Once the Respondent receives the Petition, he or she has 30 days to file a Response. (In some cases, there are reasons why the Respondent may be given more than 30 days.) Once a Response is filed by the Respondent, a hearing may be scheduled for the case, if needed.
If support, custody or other disputes (that need to be promptly resolved) are a concern, a Request for Order (RFO) is also filed. If this is done, the parties will be given a court date so that temporary custody, support, or other orders can be made. The Respondent will file a response to the RFO and both parties will be heard at the RFO hearing.
In situations in which custody is an issue, the court requires Custody Mediation to take place. The Custody Mediation must be completed before the first hearing occurs. The attorney does not attend the mediation, but it is an important and court required step.
If one is filing for a modification of custody or support from an existing case, this same procedure would be followed.
Declaration of Disclosure
Each party must serve on the other a full disclosure of all income, expenses, property and debts. There are two sets of disclosures, “Preliminary and Final Declarations of Disclosure.” These are not filed with the court, but served on the other party. The Preliminary Declaration of Disclosure is required to be served by each party near the beginning of the divorce. After each party has had the opportunity to review the other's disclosures, discussions will take place between their respective attorneys to reconcile any differences. This can take place quite quickly, or, obviously, in more complex cases it will take longer. In any event, each party must serve his/her Final Declaration of Disclosure before the case can be finalized (in some cases parties stipulate to waive the Final Declaration of Disclosure-waiver should be discussed with your attorney before agreeing to do so).
If parties are in agreement, and the Response has been filed, and disclosures exchanged, then a Marital Settlement Agreement (MSA) or stipulated judgment can be drafted. Usually one of the attorneys will draft the agreement and it will be reviewed by the other attorney. Once both sides approve the agreement it is signed and submitted to the court.
It is not the typical situation that the parties are in agreement on all the issues at the outset.
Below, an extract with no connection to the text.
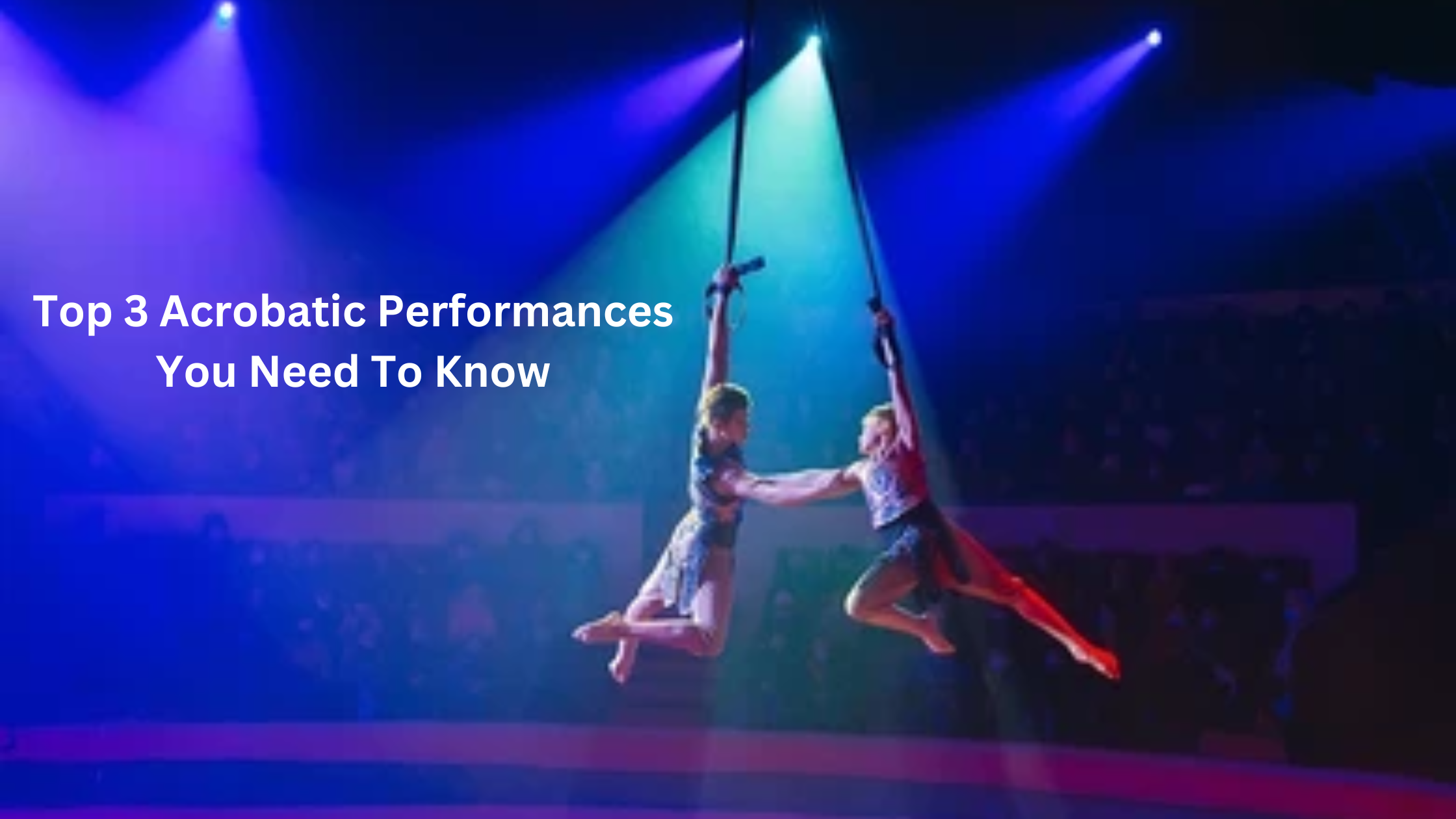 Top 3 Acrobatic Performances You Need To Know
This is true for a number of reason apart from whether the parties are cooperative or acrimonious. It is more typical, simply, that more information is needed. It may not come as a surprise that the parties do not know all they need to know about their finances and assets – in which case they must do “discovery.”
Discovery is an established part of the divorce process. The purpose of this discovery is for the parties to learn about all the assets and debts to be divided and issues to be resolved in their divorce. It is a process by which each party can ask questions of the other and demand production of documents or other potential evidence relevant to the case. And the other party is obligated to respond.
Discovery takes place outside the courtroom, through the parties' attorneys. If all goes well, it is completed there. If a party fails to respond to a discovery request, responds incompletely, or withholds or hides information, the requesting party may file a motion with the court for an order compelling answers or production. Monetary penalties or other sanctions can be applied for non-compliance.
Discovery can be informal or formal. In the case of informal discovery, each side voluntarily exchanges information with the other side. In a suitable case, informal discovery has the advantages of being less costly and it can possibly yield broader information. However, there are both advantages and disadvantages of informale discovery to which should be discussed with your attorney.
Formal discovery may consist of any or all of the following, and the responses must verified under oath:
Interrogatories [Formal written questions]
Depositions [Formal testimony taken under oath, transcribed by a court reporter]
Subpoenas and Requests for production of documents [To banks, financial institutions, employers, businesses or the other spouse in which a party is involved, etc.]
Court-ordered examination of persons or property
Motions for physical and mental examinations
It is important for the attorney and client to work together to develop a suitable discovery plan. Discovery is a necessary phase of most divorces so that one can be fully aware of all the assets before entering to a settlement. A well prepared discovery plan can be a very good investment.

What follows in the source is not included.